Pero que fuera un recurso literario no impidió que dicha imagen legitimara las acciones de ciertos sujetos. Charles Manson. Mark David Chapman, asesino de John Lennon. John Hinckley Jr., responsable del atentado contra Reagan. Robert John Bardo, asesino de Rebecca Schaffer. Todos ellos se habían tomado en serio a Holden, razonando sus palabras de tal forma que el crimen fuera la conclusión lógica. El guardián entre el centeno no tenía culpa de nada, como desde luego Sound of Freedom, en tanto ficción, tampoco ofrece motivos para pensar en ramificaciones perturbadoras. Otra cosa, claro, es lo que la película tenga detrás.
Un rasgo distintivo del Ballard cinematográfico es la importancia que la religión tiene en sus convicciones. “Los hijos de Dios no están en venta”, dice el personaje de Caviezel, suscribiendo la filiación de Sound of Freedom a una realidad industrial que lleva dos décadas marcando la taquilla estadounidense. Hablamos del llamado cine “faith based”, el cine comercial religioso, que a partir del fenómeno de La pasión de Cristo en 2003 reveló que había un nicho de público al que la maquinaria estándar de Hollywood estaba descuidando.
El cine faith based ha ido creciendo y logrando una recaudación muy reseñable, al punto de tener star system propio. Sean Astin y Hayden Christensen, llegados de El señor de los anillos y Star Wars, forman parte de él. Como también Kevin Sorbo, Greg Kinnear o Jennifer Garner, que en 2016 arrasara con Los milagros del cielo. El cine faith based suele cultivar dramas intimistas y ser muy rentable, pues fideliza a un público feligrés desde misas donde se recomienda cierta película, o desde asociaciones que organizan excursiones para ir a verla.
No es un fenómeno exclusivo a EE.UU. También aquí, en España, tiene un eco considerable, generalmente supeditado a biopics de sacerdotes o cine documental, que logra igualmente su porción de taquilla.

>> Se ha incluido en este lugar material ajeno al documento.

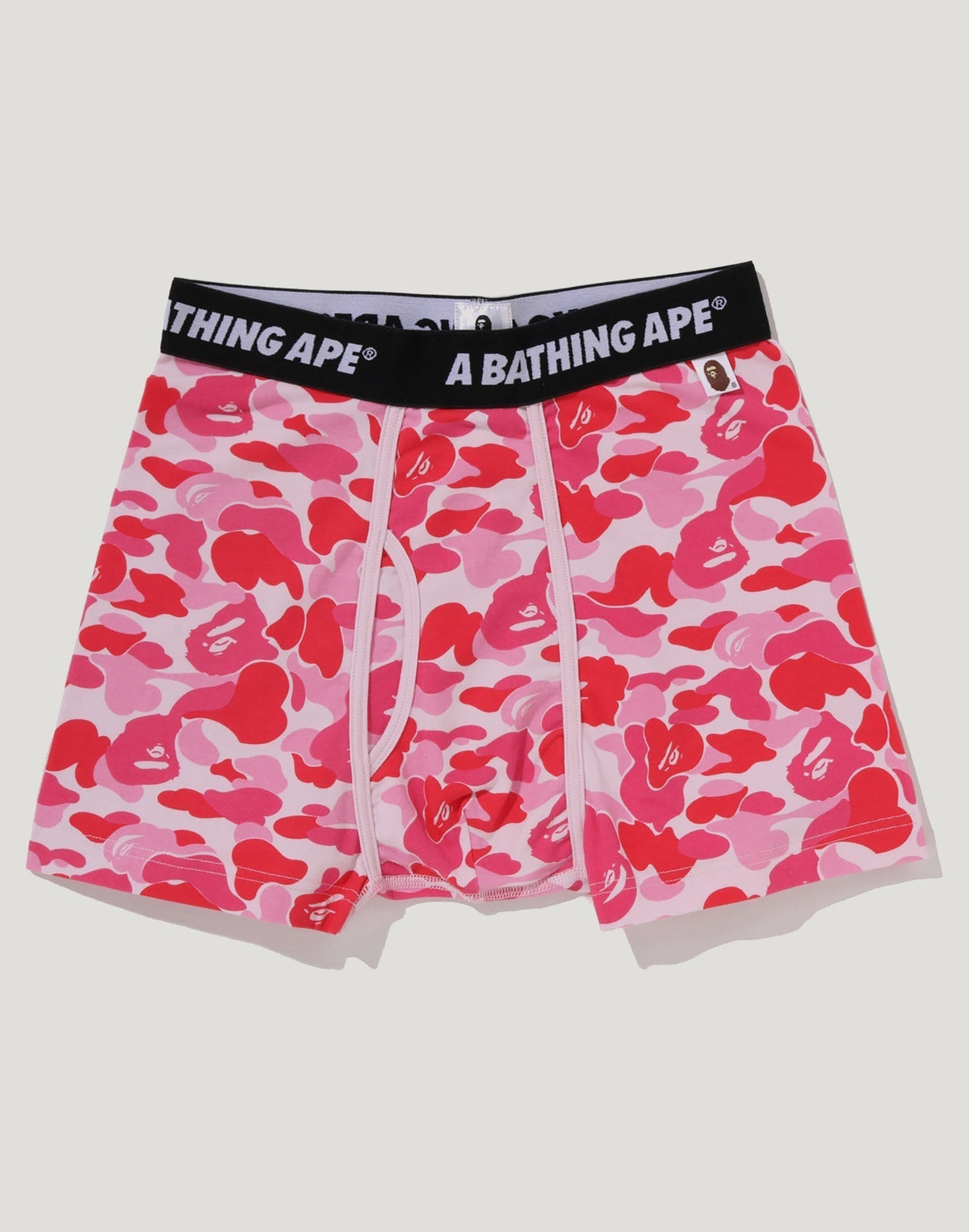 ABC CAMO TRUNKS MENS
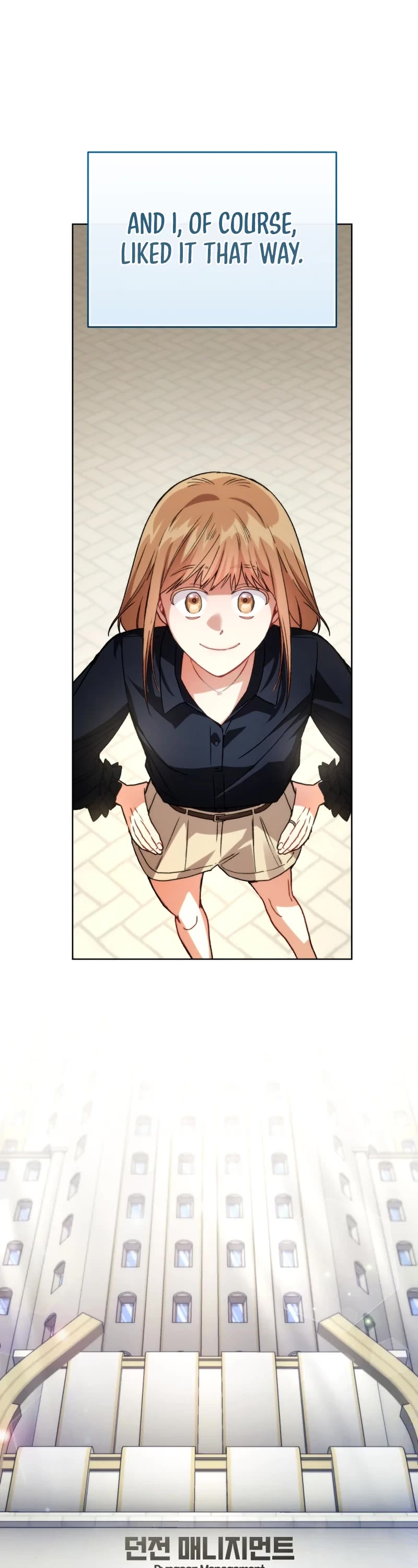 I Stole the Number One Ranker's Soul Chapter 100 page 47 - Chapter 100: Side Story 3 [END]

El mismo Caviezel, tras protagonizar La pasión de Cristo y poco antes de Sound of Freedom, intervino en Onyx, los reyes del grial, una coproducción que mezclaba el documental con la ficción. Se ha ido forjando un mercado, en fin, y algo definitorio en su forja ha sido cómo se ha ido vendiendo más allá de iglesias o prescripciones eclesiásticas.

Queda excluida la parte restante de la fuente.